Non tutti sanno che l’Italia è il primo paese al mondo per lavorazione del Cachemire, un settore in costante crescita che solo nel 2016 ha visto un giro di esportazioni a livello mondiale pari a 1,6 miliardi di dollari. E da sette anni anche Ferrara gioca in questa partita un ruolo di tutto rispetto: merito di un piccolo ma raffinato laboratorio nella zona artigianale che costeggia via Wagner, dove nel 2011 l’imprenditore bolognese Michele Pagliero ha deciso di trasferire da Milano tutta la produzione del marchio Settefili. “E da allora – ci racconta – la nostra crescita è stata costante”.

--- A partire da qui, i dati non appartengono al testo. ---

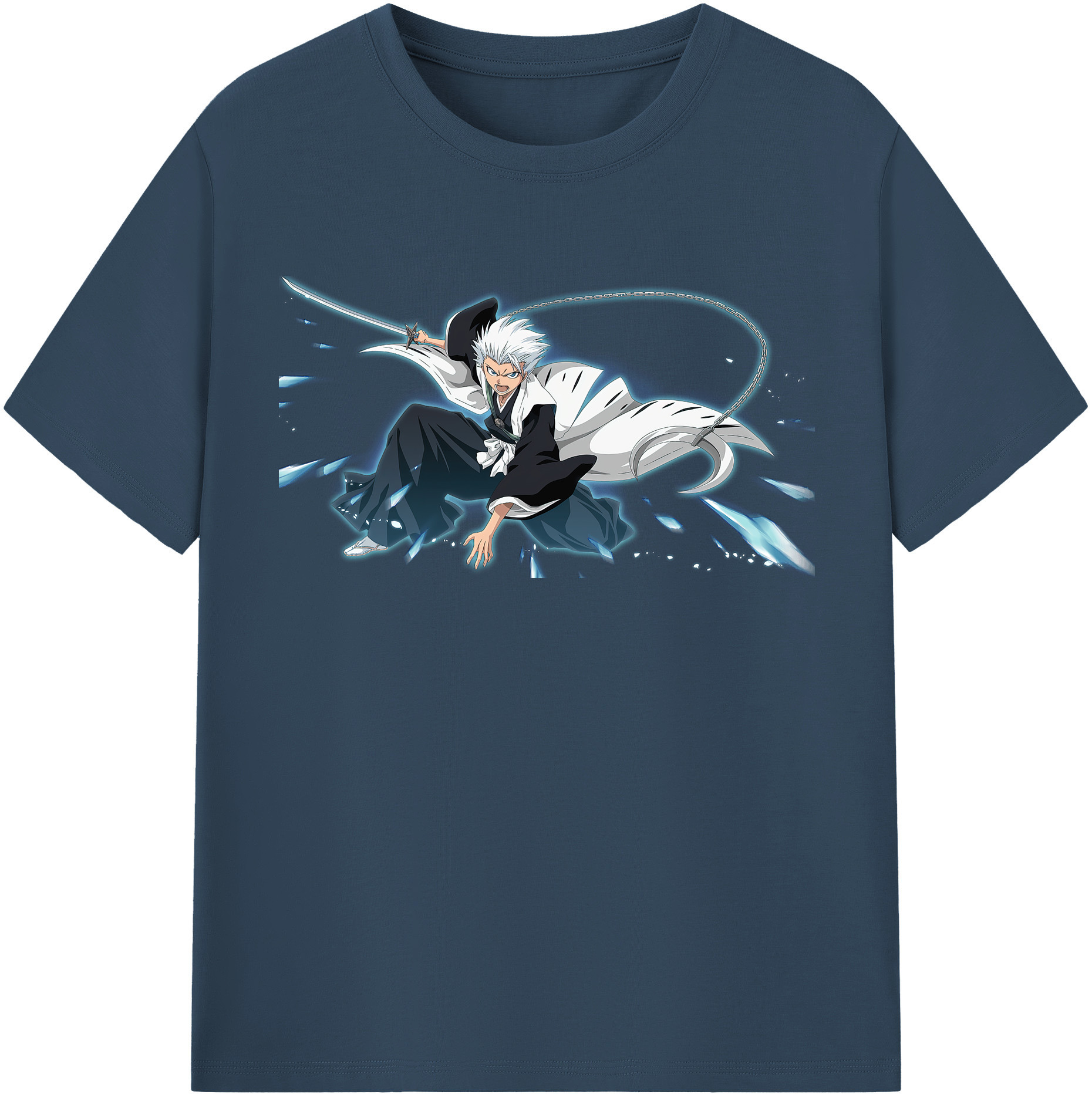（画像用） ブリーチ 日番谷冬獅郎（ひつがや とうしろう） BLEACH Hitsugaya Toushirou レディースカジュアルプリントTシャツ（綿100％）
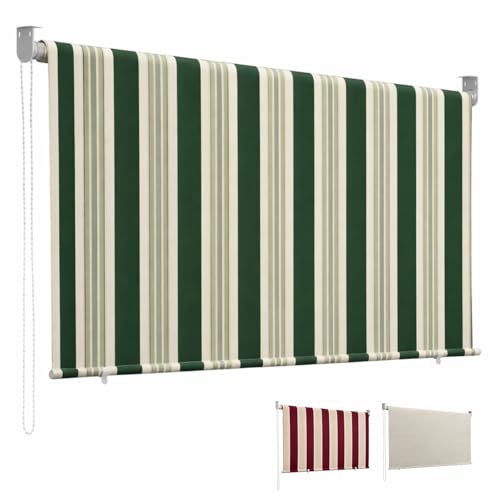 Paluplus Tenda da Sole a Caduta con Catenella, Misura 200x300 cm, Senza Cassone con aggancio al Soffitto, Telo Resistente 280 g/m², per Balcone e Terrazzo -3120F -3,4 (Rigato Verde)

A guidare Pagliero verso la città estense fu la notizia della chiusura di uno storico laboratorio tessile, che pur lavorando con altri tipi di materiali (lana e cotone) era conosciuto nel settore per l’elevata capacità delle sue otto dipendenti. “Abbiamo puntato tutto sulla qualità del loro lavoro – racconta oggi Pagliero – e siamo stati ricompensati. Conoscevo la professionalità di questo laboratorio e non volevo che si disperdesse. All’inizio siamo partiti con una sola delle vecchie dipendenti, ma mano a mano che abbiamo fatto quadrare i conti siamo riusciti a recuperarle tutte”.

Da Ferrara al Giappone, dove Settefili ha i principali distributori esteri

La storia di Settefili inizia però in una città più abituata all’alta moda: Milano. “Quando sono partito – racconta Pagliero – volevo creare un marchio che rispecchiasse la qualità del made in Italy, visto che la nostra distribuzione si basa al 90% sull’export, in particolare in estremo oriente, Scandinavia ed nell’Europa centrale. La produzione e lavorazione del cachemire si è diffusa molto a livello mondiale in questi anni, ma non c’è niente da fare: il livello dei capi italiani risalta su tutto il resto. In Giappone fanno controlli maniacali sulla qualità e, se riesci a vendere lì, significa che il tuo prodotto è davvero importante. E infatti negli ultimi 10 anni hanno investito moltissimo per copiare la filatura italiana, tra l’altro con risultati eccellenti, ma nonostante questo il loro mercato continua a preferire il made in Italy”.

In Italia la tradizione del cachemire ha origine lontano da Ferrara, e in particolare nella provincia biellese (in virtù delle caratteristiche delle acque di alcuni torrenti di montagna che consentono un’ottima lavorazione della materia prima) e in Umbria, che con la sua lunga tradizione nel comparto tessile è diventata un importante centro per la successiva tessitura. Ma dopo sette anni Pagliero può trarre un bilancio della sua esperienza a Ferrara. “Credo che a volte i ferraresi non si rendano conto della qualità della vita in questa città – afferma l’imprenditore -. È vero che ha le sue zone d’ombra, come ormai succede ovunque, ma è un luogo dove chi vuole lavorare può trovare tranquillità e professionisti di alto livello. Ho trovato una terra che mette una grande passione nel lavoro, e che dovrebbe solo abbandonare un po’ quel pessimismo che a volte fa passare in secondo piano queste virtù”.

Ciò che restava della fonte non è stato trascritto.